Messed up Perl

Scott Haneda talklists at newgeo.com
Tue Oct 5 13:56:08 PDT 2010


On Oct 4, 2010, at 8:40 PM, Hal Vaughan <hal at halblog.com> wrote:

>  Here's an example: Tonight is Monday, so I'll put the garbage on the curb along with my recycling because they pick it up on Tuesday.  That's the default and the expected behavior.  Why should I check the city's website on that every Monday when they have stated that's how they work previously?  There's no reason I'd check every week to see if they're still picking up trash in my area on Tuesday.

This doesn't quite work though.  Everyone *learned* what day trash day is, and acts accordingly. That is what is happening here. 

The difference is, you just moved into a new home, the trash day is different from your previous home. You should call and ask or check the city website. 

That's fairly analogous to exactly what's going on here. 

When I first came to MacPorts I ran into a few issues wrapping my head around the p5's. Every port or package manager deals with them in their own special way. I've grown used to it and understand why things are the way they are. 

Nothing is permanent and banned from change, it just takes time and resources, something always running short handed on FOSS projects. 

I can say, the method in place now is the best for the current and new joining user base. You are the first to bring this issue to the list in some time. 

I recall PATH issues occurring much more often a while back, presumably before the prepending of the MacPorts prefix was added to the PATH methodology. 

Having a selector seems simple enough a contribution. However, I'm not sure that added decision complexity is worth it as the majority, old and new, understand the current approach. 

Shooting for majority understanding, at the expense of the minority, especially when the minority is able to easily understand the complexity of this method, is not a change I would like to see. It will burden the current developers from core fixes while dealing with a support issue that was never a problem before. 

I think the thing to take away here is yes, there may be a different method. This method may be technically better for you. It may even be technically better in general. That doesn't mean it is the right decision for all. That depends on the user base and nature of the software. 

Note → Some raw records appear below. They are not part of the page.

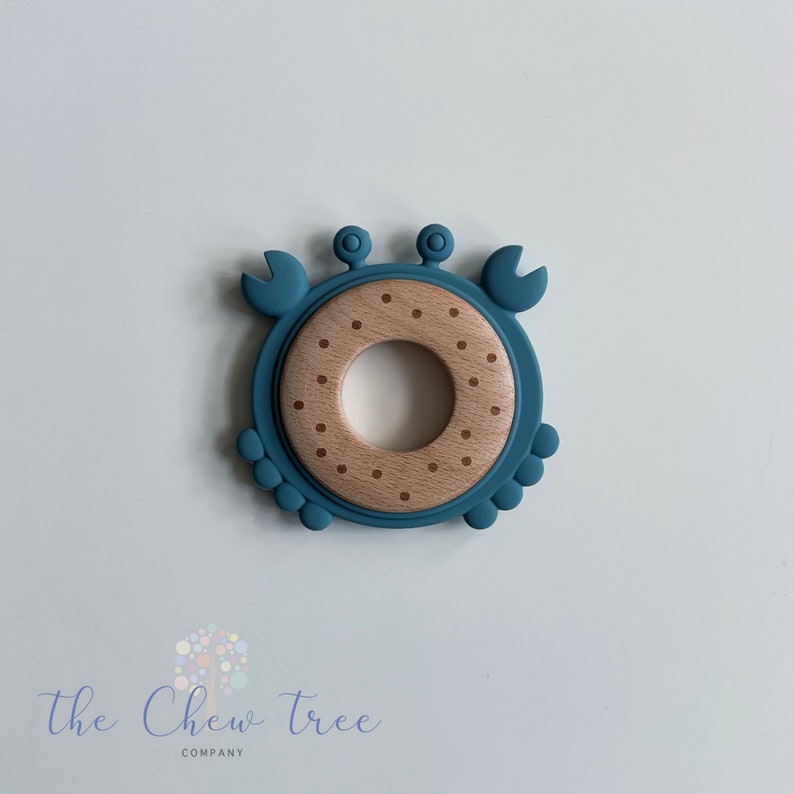 Puede incluir: Un anillo de dentici&oacute;n de silicona azul con forma de cangrejo con un centro de madera marr&oacute;n. El centro tiene forma de anillo y est&aacute; decorado con puntos marrones.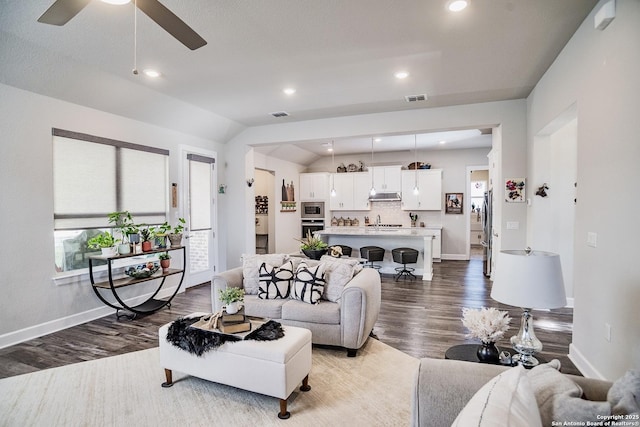 living room with hardwood / wood-style flooring, ceiling fan, lofted ceiling, and sink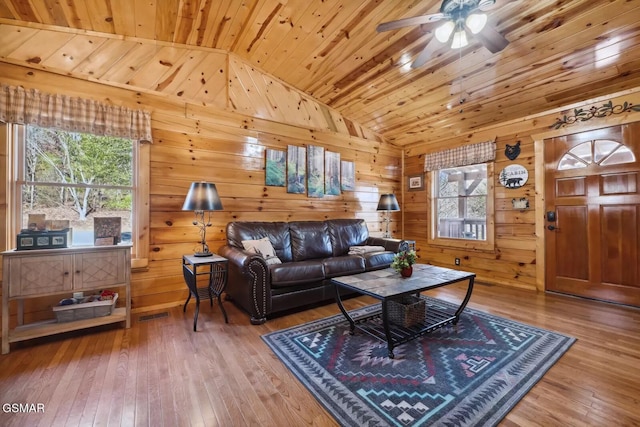 living room featuring a healthy amount of sunlight, wooden ceiling, vaulted ceiling, and hardwood / wood-style flooring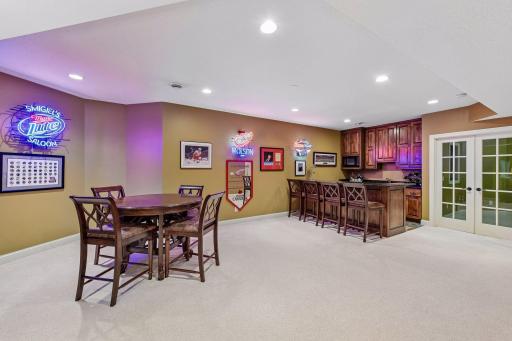 Spacious lower level with custom wet bar makes entertaining effortless.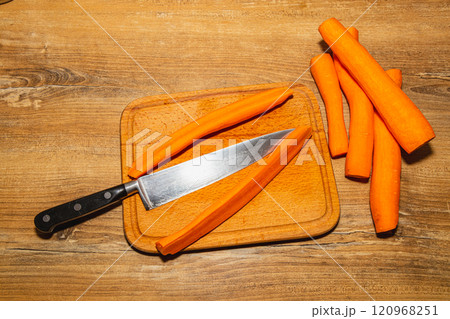 Carrots cut into pieces on a kitchen board, next to a knife 120968251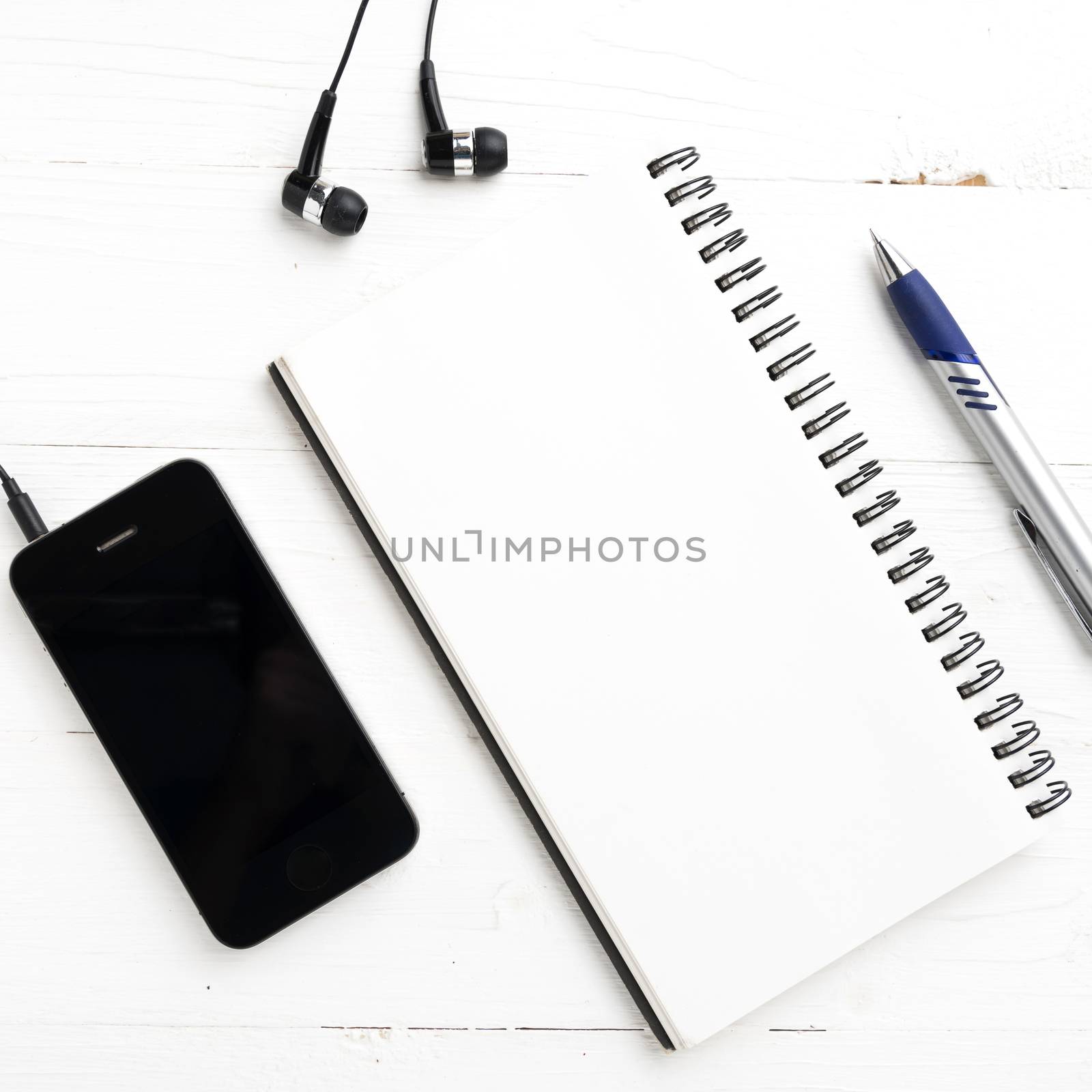 notepad and cellphone over white table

A great example is to read the forum post from the DropBox founder about the removal of a custom location for your Public directory feature. 1% of advanced users were upset. 100% of an AB testing group failed to comprehend or need the feature. In worst case scenarios data was lost; no amount if verbiage, alerts, docs, or otherwise could solve this. 

The decision to cater to the masses at the expense of the minority was the right call in my opinion. I see this as the same thing.